リューベクの聖マリア教会(St. Marienkirche)
 家族は誰も私に対して理解を示してくれなかった。かなり早い段階で私は、家族に自分を理解してもらうことを諦めてしまった。自分のことばかり考えている祖父、気に入らないことがあると人間性を否定する祖母。主体性のない末っ子の母。母はともかくとして、祖母といる時間は辛かった。反抗するといつも人間性を否定されたから。私は父と離された後にトラウマを抱えたし、でもそのトラウマをどう表現すればいいのかわからなかった。

旧市街が世界遺産に登録されているリューベク
 保育所で泣き続けたのも、従弟をいじめていたのも、私にとってはある意味で一つの表現だったのだけど、でも大人たちは気にしていなかった。自分もわかっていなかった。母の姉の結婚相手である伯父は「シゲも同じ家族のようなものだから」と言ってくれるのだけど、私はそこに安らぎを見出せなくて困った。伯父の優しさに応えられなくて、申し訳なく思っていた。そして伯父と伯母、いとこ達との間にどうしようもない溝を感じるのだった。無邪気に振る舞える母が少し羨ましかったし、俯瞰的に場面を見ないといけない自分が子供らしくなくて、嫌だと思った。
 そう、子供らしくすることが難しかった。祖母は私によく「子供らしくしなさい」と言ったけれど無理だった。私は言われたことをよく根に持ったし、従弟の悪気ない言葉に簡単に傷ついた。それは確かに「子供らしくない」と言えたと思うけれど、祖母は「子供らしくない」私をも「私らしい」として愛するべきだったと思う。私は幾度となく祖母に否定され続け、周りの大人はそれに気がついていなかった。

走馬灯に出てきて欲しいランキング9位:菜の花畑
 ある時、彼は「俺にはおばあちゃんもおじいちゃんも2人づついるけど、シゲには1人ずつしかいないもんな」と言った。彼は1年生で私は4年生。もちろん彼をぶん殴った。その時の大人達の態度に私はがっかりしたのを覚えている。
 私に父親がいないこと、そしてそのことに引け目を感じていることに、大人は気にしていないようだった。誰も私が繊細な感情を持ち得ていることを知らなかったのだと思う。あるいはどうしたらいいのかわからなかったのかも。今思い出してもすごい悲しい。

公園で昼寝した後の帰り道
 私は小さい頃から記憶を忘れないように努力していて、だから人よりは記憶力がいいと思う。奈良の家に戻れなくなって、尼崎の保育所に通い始めたある日、父親の顔も奈良のこともほとんど思い出せなくなっていることに気づいて愕然した。あの朝から私は全てのことを取りこぼさないように覚えていようと思った。でも大人になるにつれてそれは難しくなって、たくさんの人と交わした会話ももう全部は思い出せない。その思い出せないという事実さえも、長く生きた証として愛せたらいいのだけど。

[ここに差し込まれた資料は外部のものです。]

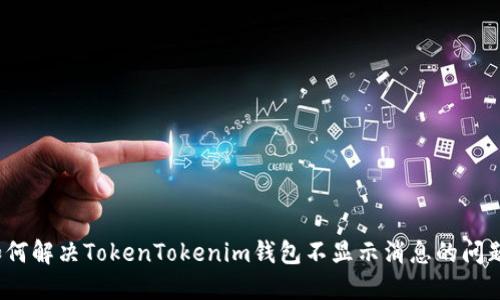 如何解决TokenTokenim钱包不显示消息的问题？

 父親のことを思い出せないのをいいことに、そして父親のことを家族の誰からも聞けないのをいいことに、私は父親を想像の中で膨らませていた。勝手に偶像の父親を作り、彼なら自分の苦しみも悩みも理解して受け入れてくれるのではないかと、そう思っていた。2023年になった今、その時代の自分がとても可哀想だと思う。結局父親は私に連絡を取ることもないままに死んでしまった。私のことをどう思っていたのか今となっては知ることもできない。一方的に父親について考え続けた時期があったというだけだ。2017年に私は彼に会おうと試み、病気を理由に父の姉から断られ、そして父は死んでしまった。

国語学部の旧キャンパス
 時々、私はもう誰にも理解されないのではと思う。でもこの道の向こうには私のことを理解してくれる誰かがいて、きっとその人に会うためには自分から動かないといけない。そう思わないと。
 諦めてはいけない。能動的にかつ建設的に日々を積み重ねていかないと。「ここじゃないどこか」に逃げ込むのではなく現実の中に道を作らないと。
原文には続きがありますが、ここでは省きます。